Ogni maschera si muove in un suo personale spazio scenico in queste opere di terracotta e marmo, un palcoscenico allegro che prende spunto dal 'Servitore di due padroni' di Goldoni.

Maschera, in latino si dice persona. E le maschere della Commedia dell’Arte italiana, altro non sono che persone, ovvero prototipi di una vitale ed immutabile umanità. La Commedia dell’Arte rappresenta quindi la quintessenza dell’uomo ed Hanako Kumazawa in queste piccole opere mostra un variegato caleidoscopio pieno di vita; campionario di umanissimi caratteri: Brighella, locandiere maneggione e servile, Arlecchino (ovvero Truffaldino), zanni anarchico e istintivo, Smeraldina, cameriera forosetta e sexy, il dottor Lombardi, saccente e borioso, il vecchio avaro e satiresco Pantalone.... tutte insieme a recitare la Commedia Umana, ché, è cosa nota da sempre, il Teatro è rappresentazione condensata dell’esistenza, è la Vita.
L’artista allestisce con questa esposizione un piccolo palcoscenico movimentato e vivacissimo, un suo personale e colorato canovaccio sul capolavoro goldoniano Arlecchino servitore di due padroni.
Ad ogni personaggio la giovane scultrice giapponese assegna un oggetto, costruisce una scena particolare, associa un dettaglio distintivo.

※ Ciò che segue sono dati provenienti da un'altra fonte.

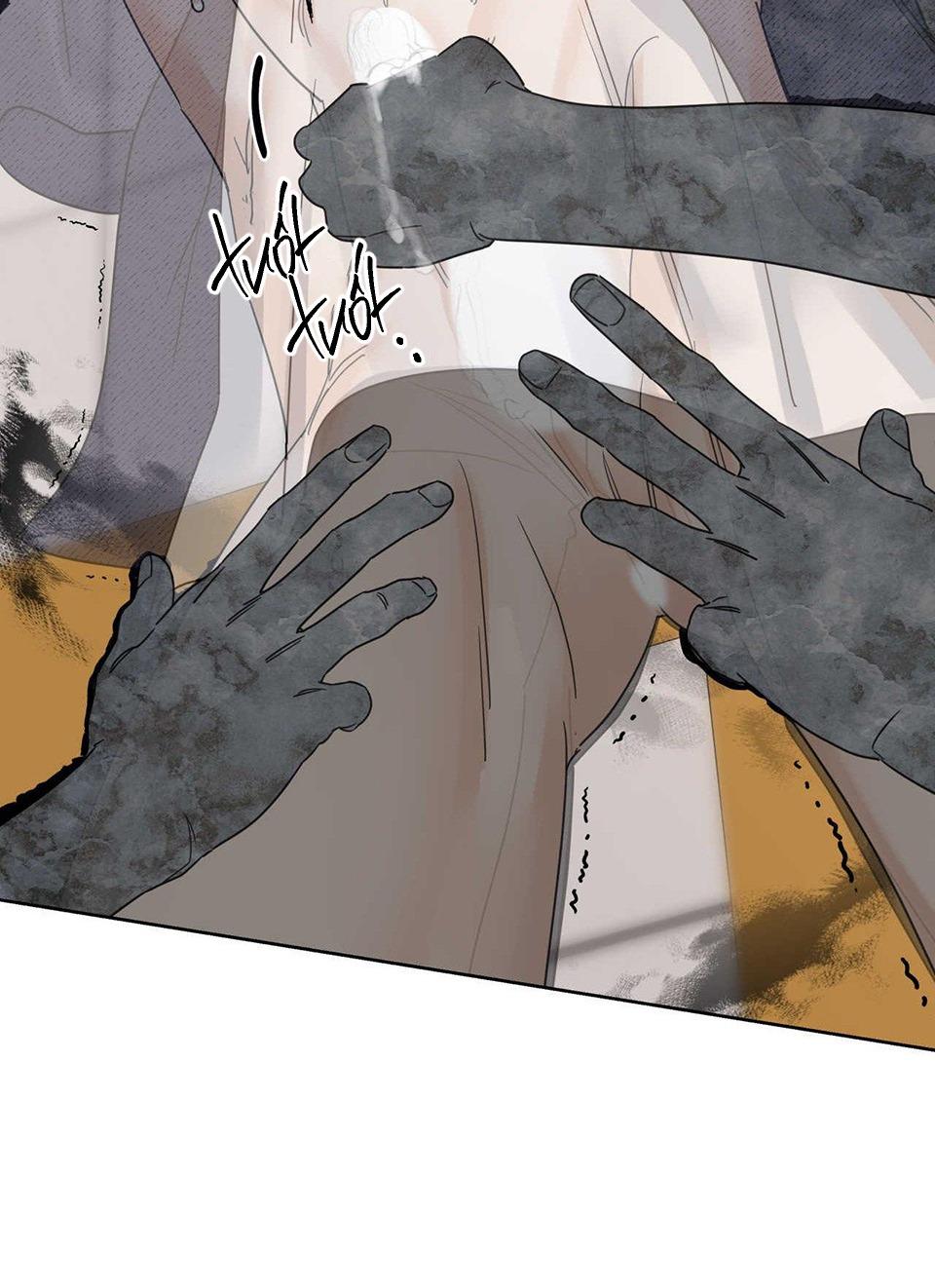 lệnh cứu rỗi chapter 2 84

La servetta indaffarata esce, ratta, dalla scena da una parte e, animato contrappunto, dalla parte opposta un bianco topolino di marmo scappa rapido, aprendo - con notevole invenzione estetica - un vuoto centrale, una pausa sospesa, che conferisce dinamico impatto e istantaneità all’opera. Pantalone, barbogio sordo in consunta palandrana, porge l’orecchio alle voci del mondo, curioso e impiccione. Arlecchino (come nelle interpretazioni d’un Marcello Moretti o Ferruccio Soleri) siede in bilico su un baule, equilibrio precario sintomo della sua ambigua ed equivoca situazione di servitore di Beatrice e pure di Florindo; un monile lasciato in un angolo. Il Dottore, cattedratico e pedante, impartisce la sua lezione, il dito in alto la voce tonitruante ed infine Brighella con un tovagliolo in mano si pulisce di nascosto la scarpa.

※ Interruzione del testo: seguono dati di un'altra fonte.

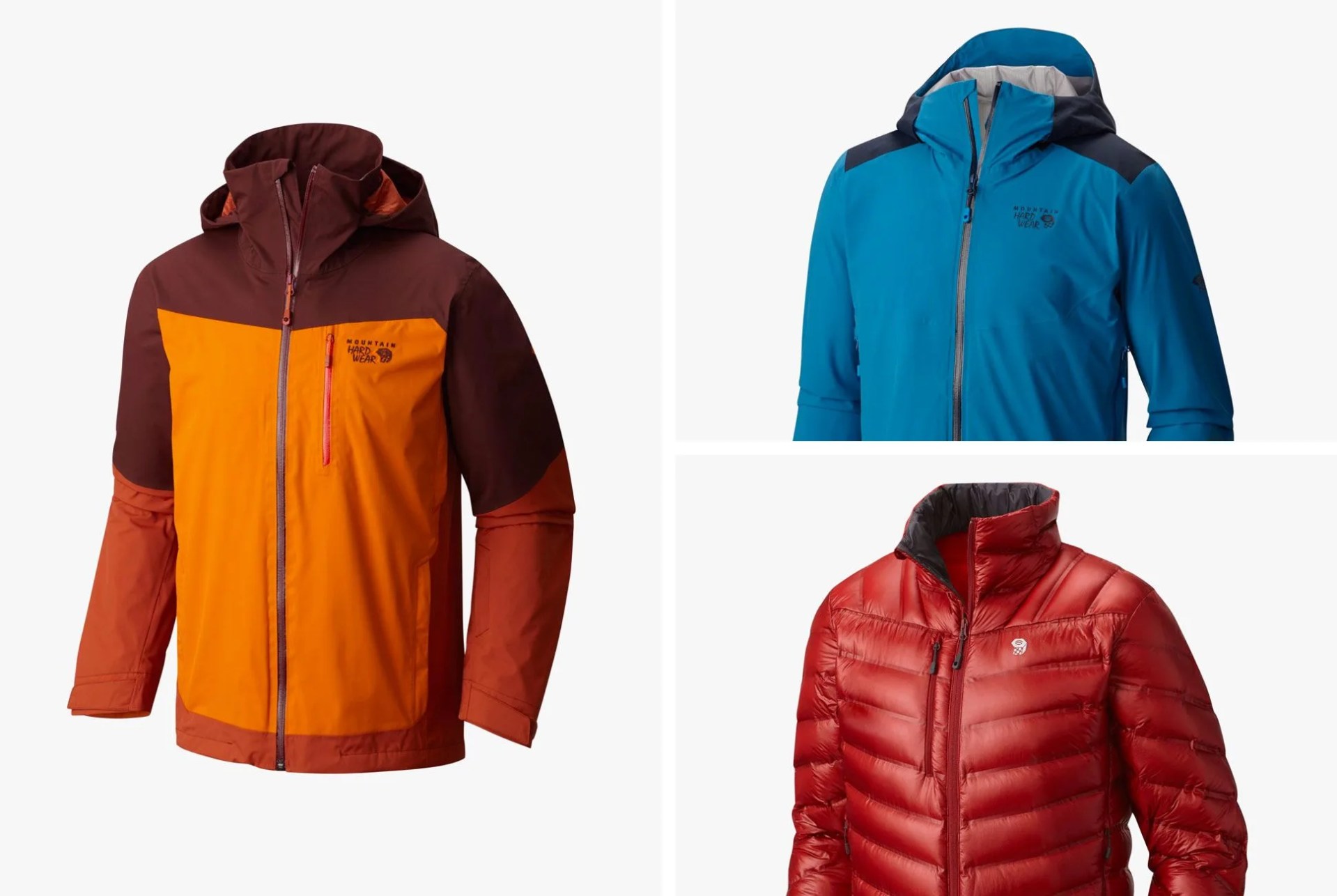 Mountain-Hardwear-gear-patrol-full-lead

Le figure della scultrice giapponese possiedono tutta la grazie di statuette in biscuit settecentesche, di ceramiche napoletane del secolo decimottavo, ma sono al contempo nuove e moderne. Pur rifacendosi, appunto, ad una consolidata tradizione ed ad un retaggio artistico antico, la giovane artista di Nagano interpreta con sensibilità individuale il soggetto. Notabile e moderna è, ad esempio, la ricerca di sottili cromìe, ottenute, non dipingendo artificialmente le statuette, bensì principalmente attraverso l’uso di materie eterogenee, quali la terracotta e il marmo. Materiali semplici e naturali, come il linguaggio quotidiano delle commedie di Carlo Goldoni, raffinate nella tecnica drammaturgica e popolari nella loro parlata vernacolare.

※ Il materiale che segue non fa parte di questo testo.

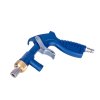 64905 2 piskovaci pistole s hadici ps 3 20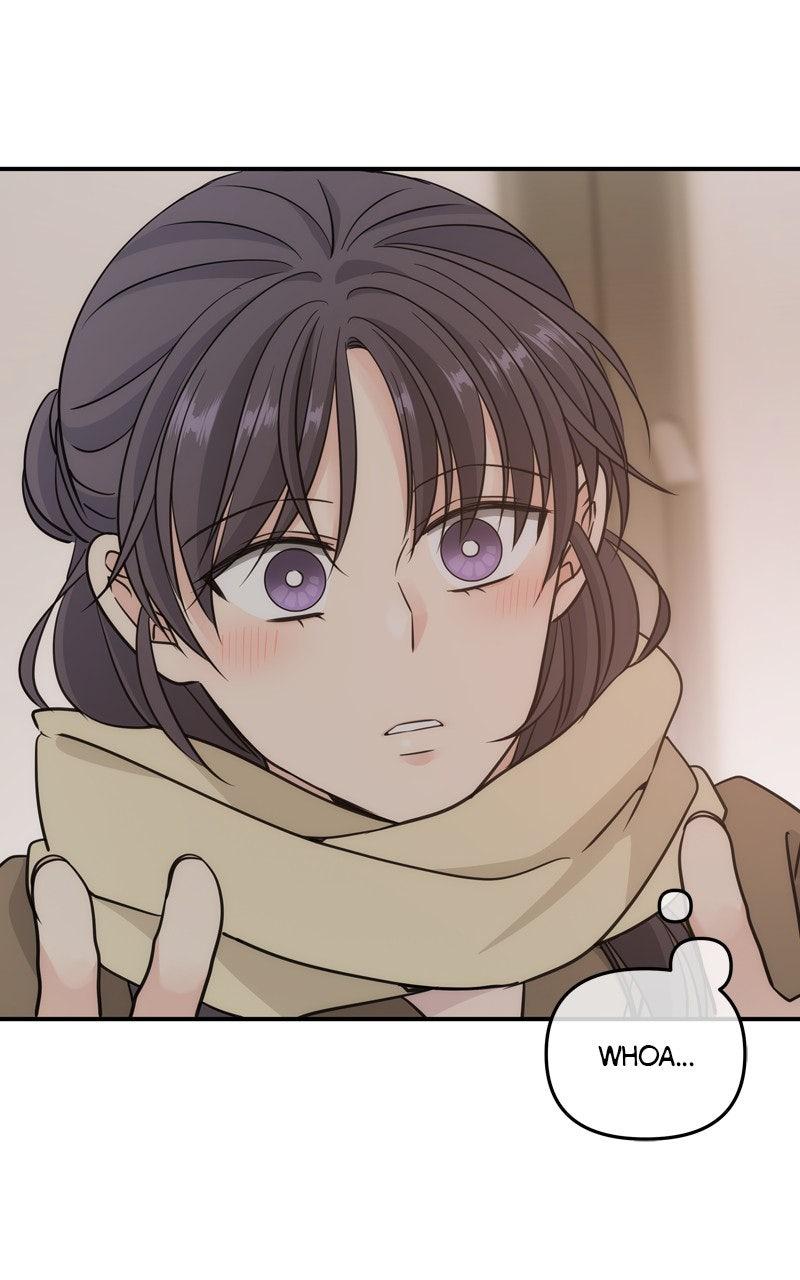 Disaster Is Always By My Side Chap 64 - Next Chap 65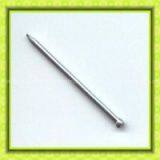 Galvanized t Brad Nails Size thumbnail-3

Hanako Kumazawa si è formata alla Tama Art University di Tokyo, per poi proseguire i suoi studi di scultura in Ungheria presso la Jannus Pannonius University, ed infine perfezionarsi nel corso biennale di scalpellino, condotto da Mauro Berrettini nel laboratori di Rapolano (Siena), dove tutt’oggi la scultrice risiede. Inoltre ha conseguito il diploma al "Corso Conservazione e Recupero manufatti architettonici di interesse storico". Da siffatto cursus studiorum si comprende come il rapporto diretto con le diverse materie (siano esse terracotta, legno, marmo o travertino) e la pratica delle varie tecniche plastiche siano elementi fondamentali per Hanako Kumazawa, sia nelle opere di grande formato e monumentali, quali, ad esempio, Fiori d'Arancio dalla Toscana, realizzato per la città siciliana di Polizzi Generosa (2003), sia in opere di piccole dimensioni, come gioielli e cofanetti in pietra, realizzati per committenza privata. Esponendo fin dal 1994 in numerose mostre collettive dal Giappone, Germania e Italia e realizzando monumenti pubblici Hanako Kumazawa si pone come fresca voce e interessante connessione culturale fra l’Oriente Yamato e l’Occidente mediterraneo. E, del resto, questa piccola esposizione, ottimamente testimonia quanto fertile e bello può essere nell’arte, e non solo, tale dialogo.